Information shown —
□ □ □ □

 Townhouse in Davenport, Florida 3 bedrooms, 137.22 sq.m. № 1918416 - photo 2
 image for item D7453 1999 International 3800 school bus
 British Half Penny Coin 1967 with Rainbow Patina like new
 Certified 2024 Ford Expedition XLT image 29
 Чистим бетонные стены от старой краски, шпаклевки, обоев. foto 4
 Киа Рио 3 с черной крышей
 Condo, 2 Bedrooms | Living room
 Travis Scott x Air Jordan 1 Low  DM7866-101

□ □ □ □

What to do — Lines from the one with "Condo, 2 Bedrooms | Living room" through the final line of the listing above should be duplicated word for word, and nothing else included.

Task response —
 Condo, 2 Bedrooms | Living room
 Travis Scott x Air Jordan 1 Low  DM7866-101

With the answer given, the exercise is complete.